Every one of those moves uses the name to announce a change in ambition before the business has fully delivered it. OFF/BEAT belongs to the same instinct, with one difference: there is no old brand being shed. It starts life as a statement.
There is a hard-nosed reason names get this much attention. In a market crowded with apps and D2C labels, a distinctive, defensible name is one of the cheapest competitive advantages a founder can buy — and one of the most expensive to fix later. Trademark fights, like the one that reshaped Boult, are a reminder that the wrong name is not just a marketing problem.
What we still don't know
For all the signalling, the substance is thin. OFF/BEAT has not confirmed its first product, its sector focus, its full cap table beyond the lead investor, or a public launch date. "AI and content" is a direction, not a plan. "Venture studio" is a structure that can mean anything from a disciplined brand factory to a loose holding company.
The creator-and-AI space Gupta appears to be aiming at is also brutally crowded and fast-moving, with global and Indian players already entrenched. A famous founder buys a hearing, not a guarantee.
What to watch next
The interesting test arrives when OFF/BEAT puts something real under the brand. Early signals worth tracking:
- The first product or brand it launches, and whether it is genuinely off-beat or a polished version of something familiar.
- The team Gupta assembles — venture studios live or die on operators, not founders' fame.
- How it relates to boAt, given Gupta's continuing stake and boAt's own listing plans.
- Follow-on funding, which will show whether investors are paying for the name or for traction.

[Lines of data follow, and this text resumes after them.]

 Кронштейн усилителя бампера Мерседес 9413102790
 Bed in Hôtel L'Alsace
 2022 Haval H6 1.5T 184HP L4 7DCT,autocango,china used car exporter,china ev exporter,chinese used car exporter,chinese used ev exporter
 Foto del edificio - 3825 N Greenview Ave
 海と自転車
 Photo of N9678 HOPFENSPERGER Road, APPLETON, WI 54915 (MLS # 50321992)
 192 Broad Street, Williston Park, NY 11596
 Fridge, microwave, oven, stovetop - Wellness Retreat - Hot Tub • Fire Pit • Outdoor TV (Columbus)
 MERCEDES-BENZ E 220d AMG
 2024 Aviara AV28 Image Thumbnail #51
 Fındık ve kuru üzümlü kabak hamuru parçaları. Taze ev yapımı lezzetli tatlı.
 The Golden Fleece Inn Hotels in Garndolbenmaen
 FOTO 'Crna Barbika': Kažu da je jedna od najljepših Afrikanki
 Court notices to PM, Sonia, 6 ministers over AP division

For now, Aman Gupta has done the one thing a great brand name is supposed to do. Before the company exists in any concrete sense, you already know what it wants to be. The slash in OFF/BEAT is a small piece of punctuation doing a lot of strategic work — a promise to break the rhythm. The fun part is finding out whether the products keep that promise, or whether the cleverest thing about the venture turns out to be its name.